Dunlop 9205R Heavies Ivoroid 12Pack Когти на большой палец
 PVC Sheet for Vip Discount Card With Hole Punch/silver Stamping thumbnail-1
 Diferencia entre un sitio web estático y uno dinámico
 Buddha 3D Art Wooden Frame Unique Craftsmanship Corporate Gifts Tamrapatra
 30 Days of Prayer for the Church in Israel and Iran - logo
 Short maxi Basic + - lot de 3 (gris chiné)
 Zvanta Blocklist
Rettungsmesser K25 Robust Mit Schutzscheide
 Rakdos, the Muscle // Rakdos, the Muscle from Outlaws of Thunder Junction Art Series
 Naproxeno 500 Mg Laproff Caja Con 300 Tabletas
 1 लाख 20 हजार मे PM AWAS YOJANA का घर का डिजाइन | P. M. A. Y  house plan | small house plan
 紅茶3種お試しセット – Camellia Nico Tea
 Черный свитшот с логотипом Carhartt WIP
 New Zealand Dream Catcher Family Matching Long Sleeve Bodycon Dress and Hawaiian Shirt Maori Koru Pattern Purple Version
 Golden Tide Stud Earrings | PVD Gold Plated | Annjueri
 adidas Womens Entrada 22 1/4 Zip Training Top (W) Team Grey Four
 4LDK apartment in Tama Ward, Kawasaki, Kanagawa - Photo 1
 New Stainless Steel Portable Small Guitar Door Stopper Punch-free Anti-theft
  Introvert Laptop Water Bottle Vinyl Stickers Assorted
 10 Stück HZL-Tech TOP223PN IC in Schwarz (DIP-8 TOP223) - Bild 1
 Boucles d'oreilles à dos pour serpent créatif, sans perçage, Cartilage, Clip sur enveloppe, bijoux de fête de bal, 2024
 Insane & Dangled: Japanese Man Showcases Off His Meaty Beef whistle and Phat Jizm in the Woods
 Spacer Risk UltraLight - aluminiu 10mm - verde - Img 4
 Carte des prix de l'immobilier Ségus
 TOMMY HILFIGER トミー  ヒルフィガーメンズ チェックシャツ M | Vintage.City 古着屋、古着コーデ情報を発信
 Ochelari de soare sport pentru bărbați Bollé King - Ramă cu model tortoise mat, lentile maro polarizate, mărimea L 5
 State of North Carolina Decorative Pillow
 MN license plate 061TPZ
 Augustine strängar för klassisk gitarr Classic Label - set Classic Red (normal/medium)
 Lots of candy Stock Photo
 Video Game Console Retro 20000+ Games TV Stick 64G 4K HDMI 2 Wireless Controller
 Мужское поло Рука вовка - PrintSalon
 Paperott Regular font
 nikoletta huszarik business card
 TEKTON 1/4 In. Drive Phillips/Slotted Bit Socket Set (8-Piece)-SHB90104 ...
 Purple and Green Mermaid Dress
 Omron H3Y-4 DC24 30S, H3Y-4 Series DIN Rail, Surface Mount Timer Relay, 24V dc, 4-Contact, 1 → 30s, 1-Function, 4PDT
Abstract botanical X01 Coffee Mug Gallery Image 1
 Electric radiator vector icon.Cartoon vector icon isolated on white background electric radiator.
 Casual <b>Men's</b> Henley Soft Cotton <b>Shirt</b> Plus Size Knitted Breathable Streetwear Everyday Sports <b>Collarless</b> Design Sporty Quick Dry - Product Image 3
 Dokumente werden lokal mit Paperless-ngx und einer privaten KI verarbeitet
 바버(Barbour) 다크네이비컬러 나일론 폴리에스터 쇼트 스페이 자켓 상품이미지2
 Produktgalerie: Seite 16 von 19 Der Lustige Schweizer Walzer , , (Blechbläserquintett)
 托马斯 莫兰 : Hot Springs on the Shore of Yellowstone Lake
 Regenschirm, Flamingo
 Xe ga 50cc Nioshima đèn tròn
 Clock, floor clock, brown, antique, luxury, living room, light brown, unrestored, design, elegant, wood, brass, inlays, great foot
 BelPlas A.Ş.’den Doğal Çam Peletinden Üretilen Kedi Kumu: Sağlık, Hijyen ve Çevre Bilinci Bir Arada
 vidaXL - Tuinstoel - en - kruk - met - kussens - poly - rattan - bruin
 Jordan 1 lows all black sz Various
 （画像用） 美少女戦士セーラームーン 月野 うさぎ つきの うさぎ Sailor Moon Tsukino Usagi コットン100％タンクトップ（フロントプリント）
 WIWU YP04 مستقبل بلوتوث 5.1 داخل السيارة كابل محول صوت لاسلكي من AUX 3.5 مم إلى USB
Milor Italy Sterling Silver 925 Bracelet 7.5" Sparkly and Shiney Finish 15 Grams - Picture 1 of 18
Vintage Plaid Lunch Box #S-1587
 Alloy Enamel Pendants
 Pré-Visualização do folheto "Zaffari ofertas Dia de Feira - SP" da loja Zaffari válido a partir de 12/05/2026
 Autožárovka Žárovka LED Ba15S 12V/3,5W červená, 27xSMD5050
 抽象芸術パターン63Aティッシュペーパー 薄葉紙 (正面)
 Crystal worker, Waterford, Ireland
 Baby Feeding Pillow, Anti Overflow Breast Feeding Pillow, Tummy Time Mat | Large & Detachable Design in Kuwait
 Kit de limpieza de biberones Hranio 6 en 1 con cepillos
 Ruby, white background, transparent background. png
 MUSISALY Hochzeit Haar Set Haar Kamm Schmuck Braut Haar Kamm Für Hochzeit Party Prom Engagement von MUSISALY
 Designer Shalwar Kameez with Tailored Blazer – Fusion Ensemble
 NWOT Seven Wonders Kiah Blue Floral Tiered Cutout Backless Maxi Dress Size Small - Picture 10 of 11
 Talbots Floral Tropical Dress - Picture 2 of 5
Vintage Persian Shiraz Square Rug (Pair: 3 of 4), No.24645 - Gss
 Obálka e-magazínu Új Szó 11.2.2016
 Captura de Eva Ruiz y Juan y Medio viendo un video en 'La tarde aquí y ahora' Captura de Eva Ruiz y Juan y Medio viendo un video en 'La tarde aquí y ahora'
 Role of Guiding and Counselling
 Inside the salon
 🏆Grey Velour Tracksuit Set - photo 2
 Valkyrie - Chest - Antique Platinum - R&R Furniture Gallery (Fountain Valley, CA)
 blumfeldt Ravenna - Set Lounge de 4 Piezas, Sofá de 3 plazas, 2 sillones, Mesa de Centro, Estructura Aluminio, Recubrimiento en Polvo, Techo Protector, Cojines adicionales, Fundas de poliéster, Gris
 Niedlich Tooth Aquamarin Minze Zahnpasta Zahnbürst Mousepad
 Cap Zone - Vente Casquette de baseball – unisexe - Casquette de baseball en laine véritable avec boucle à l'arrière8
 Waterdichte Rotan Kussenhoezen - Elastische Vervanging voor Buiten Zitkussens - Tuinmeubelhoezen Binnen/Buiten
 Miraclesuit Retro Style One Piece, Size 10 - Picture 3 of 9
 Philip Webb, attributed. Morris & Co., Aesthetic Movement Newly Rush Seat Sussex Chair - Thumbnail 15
====================
ABOUT THIS EXERCISE = Pull out all lines from the entries above that include the word "Size".

ANSWER TO THE EXERCISE =
 Casual <b>Men's</b> Henley Soft Cotton <b>Shirt</b> Plus Size Knitted Breathable Streetwear Everyday Sports <b>Collarless</b> Design Sporty Quick Dry - Product Image 3
 NWOT Seven Wonders Kiah Blue Floral Tiered Cutout Backless Maxi Dress Size Small - Picture 10 of 11
 Miraclesuit Retro Style One Piece, Size 10 - Picture 3 of 9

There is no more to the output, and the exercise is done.